Seçim sonuçlarını herkes kendisine göre değerlendiriyor, izlediğiniz gibi kazananlar kaybedenler üzerine yapılan yorumlar gırla gidiyor.
Biraz geç anlaşılacak ama bana göre kaybedenlerin başında çığırtkanlar, şarlatanlar ve ortalığı velveleye vermeye çalışan felaket tellalları gelecek.
Kim bu çığırtkanlar ve şarlatanlar? İktidar çevrelerinden de var muhalefetten de.
Her şeye rağmen neticede akli selimin ve sağduyunun galip geleceğine inanıyorum. Çünkü bu özelliğe sahip insan sayısının çığırtkanlardan çok, hem de pek çok olduğunu unutmayalım.
Tamam, çığırtkanların, şarlatanların, komplo teorisyenlerinin sesleri biraz fazla çıkıyor ama hiç telaşlanmayın, onların madenleri teneke olduğu için sesleri şimdilik fazla çıkabilir.
Felaket senaryolarının köpükten ibaret olduğunu yarınlarda hepimiz göreceğiz.
Ha, bu çığırtkanların kendilerine göre haklı yönleri olabilir, kazanacakları veya kaybedecekleri çok şeyleri olabilir.

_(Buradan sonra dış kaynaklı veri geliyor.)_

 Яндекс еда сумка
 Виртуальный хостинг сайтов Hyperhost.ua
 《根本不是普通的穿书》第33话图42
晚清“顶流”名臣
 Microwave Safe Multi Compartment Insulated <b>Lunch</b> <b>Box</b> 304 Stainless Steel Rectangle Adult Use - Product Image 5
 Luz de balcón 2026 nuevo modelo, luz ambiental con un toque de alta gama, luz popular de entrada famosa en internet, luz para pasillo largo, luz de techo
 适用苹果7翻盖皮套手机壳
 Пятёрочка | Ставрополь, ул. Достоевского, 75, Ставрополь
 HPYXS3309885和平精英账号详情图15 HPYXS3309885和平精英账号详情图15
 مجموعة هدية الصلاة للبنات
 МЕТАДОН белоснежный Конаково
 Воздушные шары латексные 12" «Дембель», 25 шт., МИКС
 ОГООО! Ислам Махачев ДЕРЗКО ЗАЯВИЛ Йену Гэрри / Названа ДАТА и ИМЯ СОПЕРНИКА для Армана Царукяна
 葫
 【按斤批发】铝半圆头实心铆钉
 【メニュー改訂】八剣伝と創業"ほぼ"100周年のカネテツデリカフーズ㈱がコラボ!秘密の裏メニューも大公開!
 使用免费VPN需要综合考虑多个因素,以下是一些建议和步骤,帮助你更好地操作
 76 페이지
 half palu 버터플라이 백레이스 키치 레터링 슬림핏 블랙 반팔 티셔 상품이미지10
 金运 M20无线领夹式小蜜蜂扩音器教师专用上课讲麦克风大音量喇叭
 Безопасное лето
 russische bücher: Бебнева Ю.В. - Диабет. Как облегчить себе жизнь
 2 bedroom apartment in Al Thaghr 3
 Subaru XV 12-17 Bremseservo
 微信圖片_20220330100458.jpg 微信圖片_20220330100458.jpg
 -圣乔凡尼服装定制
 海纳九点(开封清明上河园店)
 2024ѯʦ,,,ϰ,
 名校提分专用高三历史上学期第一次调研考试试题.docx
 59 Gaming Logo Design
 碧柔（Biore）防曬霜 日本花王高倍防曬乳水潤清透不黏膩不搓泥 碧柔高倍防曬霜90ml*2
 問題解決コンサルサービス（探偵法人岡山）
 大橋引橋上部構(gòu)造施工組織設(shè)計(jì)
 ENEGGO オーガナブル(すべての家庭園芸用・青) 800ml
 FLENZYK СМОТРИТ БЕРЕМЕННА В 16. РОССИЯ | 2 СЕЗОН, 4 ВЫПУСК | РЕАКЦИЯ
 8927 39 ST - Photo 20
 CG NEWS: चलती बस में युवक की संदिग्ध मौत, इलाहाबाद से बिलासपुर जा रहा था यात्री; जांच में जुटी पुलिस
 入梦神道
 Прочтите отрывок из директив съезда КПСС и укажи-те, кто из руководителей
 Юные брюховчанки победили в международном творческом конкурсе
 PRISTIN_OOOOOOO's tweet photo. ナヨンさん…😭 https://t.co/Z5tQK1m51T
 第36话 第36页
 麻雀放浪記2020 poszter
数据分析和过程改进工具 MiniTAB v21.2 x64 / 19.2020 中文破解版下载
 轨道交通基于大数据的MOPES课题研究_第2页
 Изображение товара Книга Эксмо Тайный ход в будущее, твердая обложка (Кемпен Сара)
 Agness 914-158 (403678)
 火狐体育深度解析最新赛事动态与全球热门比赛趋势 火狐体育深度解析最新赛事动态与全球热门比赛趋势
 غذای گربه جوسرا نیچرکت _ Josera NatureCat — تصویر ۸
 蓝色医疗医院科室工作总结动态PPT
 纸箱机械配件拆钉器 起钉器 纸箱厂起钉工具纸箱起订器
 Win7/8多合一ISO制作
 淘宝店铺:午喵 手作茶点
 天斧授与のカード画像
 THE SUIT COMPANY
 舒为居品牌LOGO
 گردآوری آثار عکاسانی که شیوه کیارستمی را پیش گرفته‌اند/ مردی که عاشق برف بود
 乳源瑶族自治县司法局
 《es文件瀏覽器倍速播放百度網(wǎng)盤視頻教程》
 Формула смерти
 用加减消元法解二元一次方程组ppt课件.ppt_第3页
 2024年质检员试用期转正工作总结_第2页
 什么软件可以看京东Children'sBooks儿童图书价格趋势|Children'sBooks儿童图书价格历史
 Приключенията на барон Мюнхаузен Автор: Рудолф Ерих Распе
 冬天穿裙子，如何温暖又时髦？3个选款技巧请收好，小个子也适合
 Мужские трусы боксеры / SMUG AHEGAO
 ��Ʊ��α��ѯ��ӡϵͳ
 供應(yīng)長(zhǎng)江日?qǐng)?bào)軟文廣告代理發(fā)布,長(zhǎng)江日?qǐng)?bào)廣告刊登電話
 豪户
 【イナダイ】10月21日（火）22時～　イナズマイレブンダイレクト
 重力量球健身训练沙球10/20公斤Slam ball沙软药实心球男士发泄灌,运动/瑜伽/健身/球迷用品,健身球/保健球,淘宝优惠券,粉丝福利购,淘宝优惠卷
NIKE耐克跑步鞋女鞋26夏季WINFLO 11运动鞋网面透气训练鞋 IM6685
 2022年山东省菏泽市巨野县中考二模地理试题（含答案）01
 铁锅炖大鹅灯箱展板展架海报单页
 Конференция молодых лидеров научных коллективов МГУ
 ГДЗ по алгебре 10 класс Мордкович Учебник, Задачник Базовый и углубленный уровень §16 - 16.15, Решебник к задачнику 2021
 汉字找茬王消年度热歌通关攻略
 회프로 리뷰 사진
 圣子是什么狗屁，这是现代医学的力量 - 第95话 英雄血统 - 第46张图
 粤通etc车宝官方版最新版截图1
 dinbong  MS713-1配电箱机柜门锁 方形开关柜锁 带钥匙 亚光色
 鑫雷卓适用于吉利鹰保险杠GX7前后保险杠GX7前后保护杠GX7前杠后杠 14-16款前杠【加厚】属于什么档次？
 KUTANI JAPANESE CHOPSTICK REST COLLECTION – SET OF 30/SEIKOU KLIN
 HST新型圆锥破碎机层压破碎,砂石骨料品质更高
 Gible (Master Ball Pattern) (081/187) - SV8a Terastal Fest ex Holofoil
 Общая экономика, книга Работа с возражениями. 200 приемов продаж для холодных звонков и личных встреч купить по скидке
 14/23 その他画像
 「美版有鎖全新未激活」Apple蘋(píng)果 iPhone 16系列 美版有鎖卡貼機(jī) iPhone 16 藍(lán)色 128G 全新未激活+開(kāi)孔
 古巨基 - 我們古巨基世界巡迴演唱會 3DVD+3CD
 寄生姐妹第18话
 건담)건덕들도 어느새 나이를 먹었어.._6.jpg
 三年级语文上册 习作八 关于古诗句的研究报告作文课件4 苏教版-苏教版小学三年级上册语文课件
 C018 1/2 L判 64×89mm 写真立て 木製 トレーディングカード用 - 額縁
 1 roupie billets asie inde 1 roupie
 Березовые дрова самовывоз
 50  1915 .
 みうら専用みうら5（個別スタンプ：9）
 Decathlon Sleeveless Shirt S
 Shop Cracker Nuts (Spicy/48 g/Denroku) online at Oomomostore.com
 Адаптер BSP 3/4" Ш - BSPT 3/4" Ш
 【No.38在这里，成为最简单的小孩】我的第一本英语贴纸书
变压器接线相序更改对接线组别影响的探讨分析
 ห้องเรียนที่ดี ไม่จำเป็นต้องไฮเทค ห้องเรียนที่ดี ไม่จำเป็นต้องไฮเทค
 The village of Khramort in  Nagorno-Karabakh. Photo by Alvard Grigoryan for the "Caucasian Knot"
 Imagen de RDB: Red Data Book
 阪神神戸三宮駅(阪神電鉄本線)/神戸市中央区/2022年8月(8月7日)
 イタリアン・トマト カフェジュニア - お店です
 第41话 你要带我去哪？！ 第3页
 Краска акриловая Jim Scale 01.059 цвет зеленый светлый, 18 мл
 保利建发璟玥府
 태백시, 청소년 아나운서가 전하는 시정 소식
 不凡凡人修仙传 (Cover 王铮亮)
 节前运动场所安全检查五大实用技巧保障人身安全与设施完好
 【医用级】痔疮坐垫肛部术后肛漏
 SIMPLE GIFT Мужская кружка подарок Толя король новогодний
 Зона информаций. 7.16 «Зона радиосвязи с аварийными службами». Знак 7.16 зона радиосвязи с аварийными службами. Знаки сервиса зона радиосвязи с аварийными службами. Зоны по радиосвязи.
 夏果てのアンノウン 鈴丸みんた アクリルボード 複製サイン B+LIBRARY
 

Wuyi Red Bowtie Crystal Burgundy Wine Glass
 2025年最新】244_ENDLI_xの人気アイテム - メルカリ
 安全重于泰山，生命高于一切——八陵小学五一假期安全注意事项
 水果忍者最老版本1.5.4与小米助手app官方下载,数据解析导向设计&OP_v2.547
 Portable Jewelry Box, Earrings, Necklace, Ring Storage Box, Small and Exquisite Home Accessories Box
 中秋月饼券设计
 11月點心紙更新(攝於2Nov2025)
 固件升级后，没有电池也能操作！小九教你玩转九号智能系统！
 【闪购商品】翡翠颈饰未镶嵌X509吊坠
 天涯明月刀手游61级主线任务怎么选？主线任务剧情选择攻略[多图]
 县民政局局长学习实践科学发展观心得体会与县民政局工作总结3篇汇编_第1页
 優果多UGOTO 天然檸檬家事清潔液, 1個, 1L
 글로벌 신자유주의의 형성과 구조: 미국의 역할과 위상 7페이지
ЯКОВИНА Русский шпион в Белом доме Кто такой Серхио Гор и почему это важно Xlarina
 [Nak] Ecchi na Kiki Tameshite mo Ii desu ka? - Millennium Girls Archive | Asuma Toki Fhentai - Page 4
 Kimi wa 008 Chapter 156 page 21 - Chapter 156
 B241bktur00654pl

Bizim böyle sakin ve vurdumduymaz oluşumuzun sebebi de kaybedecek ve kazanacak fazla bir şeyimiz olmadığından da olabilir.
Nasreddin Hocanın evine gece yarısı haramiler musallat olmuş, kendi aralarında da konuşuyorlarmış,
“ Evin erkeğini öldürelim, danayı kesip pişirelim, kadını da oynatalım...” diyorlarmış. Hoca da soyguncuların bu konuşmalarını eşiyle birlikte korku içinde yatakta dinliyorlarmış. Nasıl olmuşsa haramiler kafaya koydukları bu işi yapamadan gitmişler. Tehlike atlatılınca hanımı Hocaya takılmış;
“Dikkat ettim de iyi korkmuştun ha” demiş. Hocamız da dönmüş hanımına;
“Öyle ya, senin için hava hoştu, olan bana ve zavallı danaya olacaktı!” demiş.
Bizim gibilerin durumu birazcık Nasreddin hocanın eşinin durumuna benziyor olabilir.
İşin esprisi bir yana, ülkemiz insanının kötü senaryolara prim vermeyecek bir düzeye ulaştığına inanıyorum.
Gönül ister ki bu seçimin tartışmasız mağlupları olan bu şarlatanlar da siyasiler gibi koltuklarını kaybetseler, yenilgileri açıkça ilan edilse, ellerindeki imkanlar, mikrofonlar, kalemler, kameralar alınsa ve köşelerinden şutlansalar…
Bu görev başta iktidar, ardından da muhalefetin yetkililerine düşmektedir. Kendilerine kaybettirenler bunlar olduğunu bir anlayıverseler.
Size şunu söyleyeyim ki bu çığırtkanlardan dolayı sandığa gitmeyen veya kendi partisinden başkasına oy veren nicelerini tanıyorum.
Keşke bu şarlatanlar sadece politik arenada kalmakla yetinseler. İşin acı yönü bunlar İslam adına da orta yerlerde cirit atıyorlar ve kaybettirdikçe kaybettiriyorlar.